I think clarifying these points would give us enough information to put you in the right direction.

1 Like

Yes, the weights in my original post would be insurance policy benefit amounts.

# weights represent the potential benefit amount on each policy
# so in this example, there are 5 policies with potential benefit amounts
# of $100, $50, $50, $150, and $200 respectively. They are all in force at the 
# beginning of the prior year and the only way for them to exit is via a claim 
# (ie a death claim)
policy_benefit_amounts = [100, 50 , 50, 150, 200 ]

# After one year has elapsed, we observe that two of the five have died.
# I presume that this is driven by a bernoulli random variable for each person, 
# called `q`. I also presume that `q` varies by the policy benefit amount.
experience  = [1, 0, 0, 1, 0 ]

# the unweighted estimate
q_unweighted = sum(experience) / length(experience) # 0.4

# the weighted estimate
q_weghted = sum(policy_benefit_amounts .* experience  ) / sum(policy_benefit_amounts )  # 0.4545... 

I am interested in the posterior distribution of q_weighted, because say I the next year, I have a very similar population of policyholders.
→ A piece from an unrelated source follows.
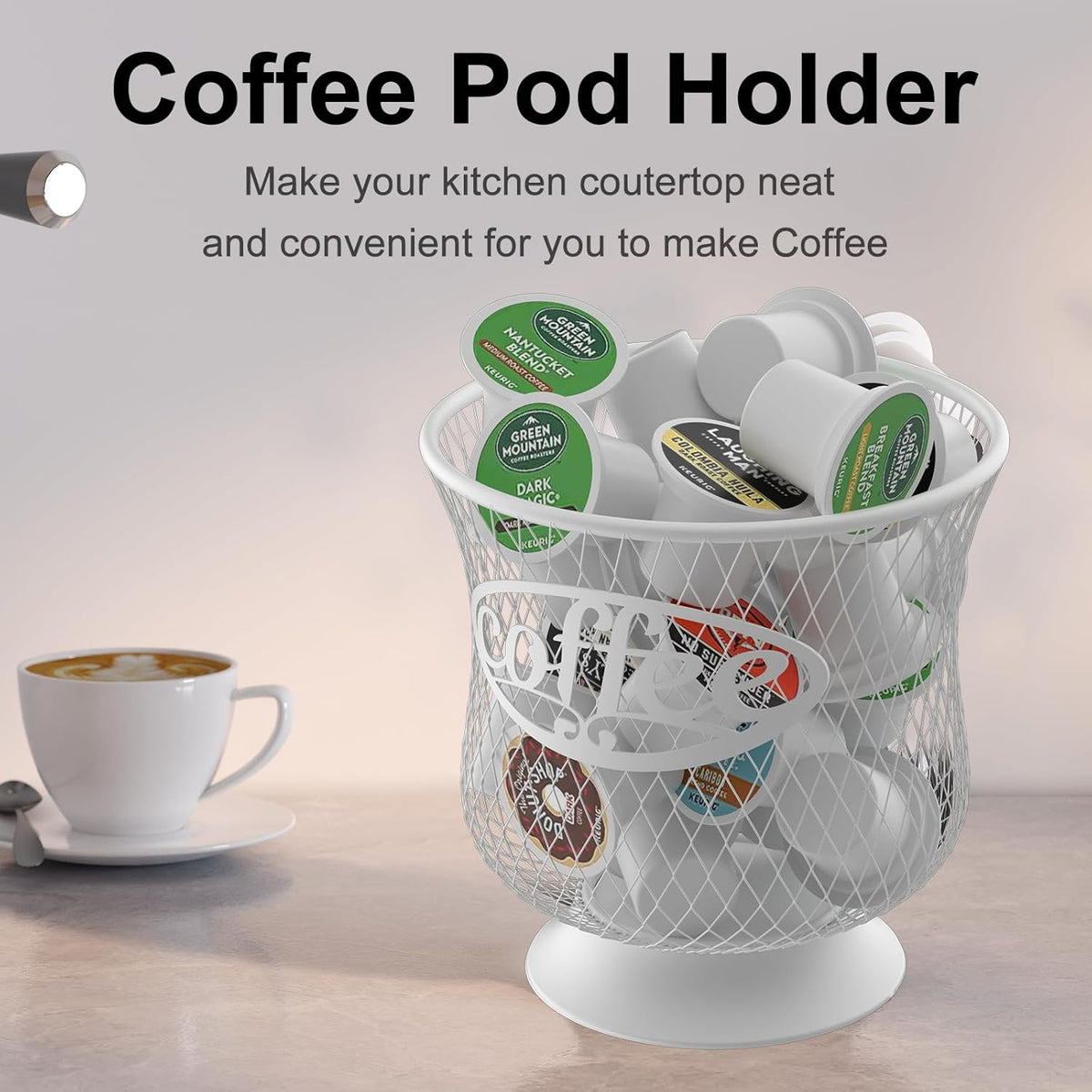 Coffee Pod Holder, Sturdy K Cup Organizer, Large Capacity K Cup Storage for Keuring Espresso Capsule Coffee Creamer, Easy to Refill and Organize for Cafe Bar, Coffee Bar Decor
In lieu of precisely modeling the q conditioned on the policy benefit amount, I can use q_weighted to estimate the mean expected claims.

If this last part is not clear, this Nextjournal shows a slightly extended example where q_weighted correctly predicts the anticipated claim amount (In that example, I instead of year-over-year analysis, I tried to use the example of applying the experience from one state to a similar population in another state).

Hopefully that clarifies the situation enough?

I still don’t understand the setup. If experience is data, then so is q_weighted, how can it have a posterior distribution?

Are you after estimating the expected q_weighted in some more complicated model? Eg assume that people die with some probability q_i, which depends on some covariates,

\text{logit}(q_i) = X_i \beta + \varepsilon_i

where X_i is known, and \beta and \sigma = \text{std}(\varepsilon) are parameters. These you can estimate from the data using a multilevel model and then obtain a posterior for q_weighted.

But if you are new to Bayesian modeling, I would really recommend working through parts of a textbook first otherwise you will run into conceptual and practical problems all the time. Gelman and Hill is a great intro.